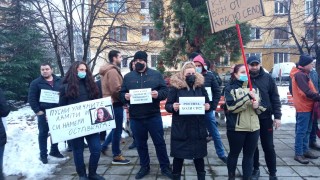 Протест с искане за оставката на кмета на район Красно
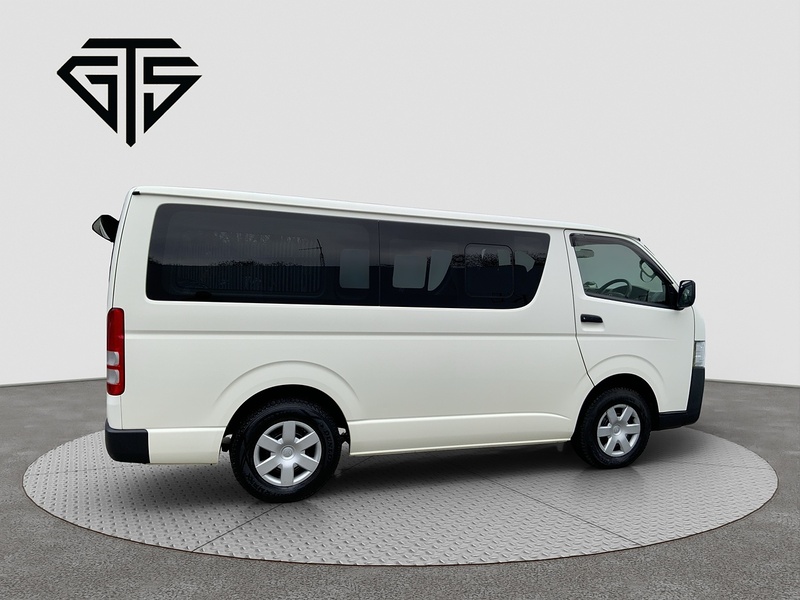 Toyota HiAce DX 4WD - U6709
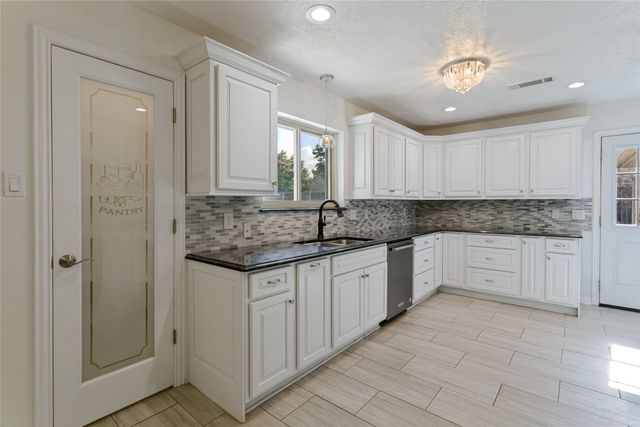 2 Rolling Hills Circle, Denton, TX 76205
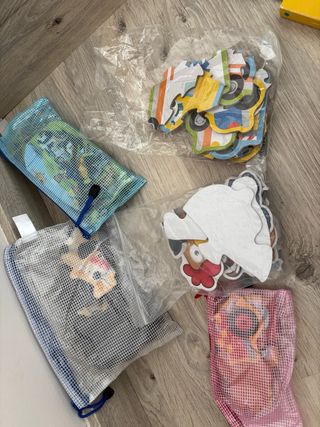 Varios puzzles infantiles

#### [Directions for this task]
Your job is to repeat the data exactly, leaving each picture out.

#### [Response for this exercise]
 Протест с искане за оставката на кмета на район Красно
 Toyota HiAce DX 4WD - U6709
 2 Rolling Hills Circle, Denton, TX 76205
 Varios puzzles infantiles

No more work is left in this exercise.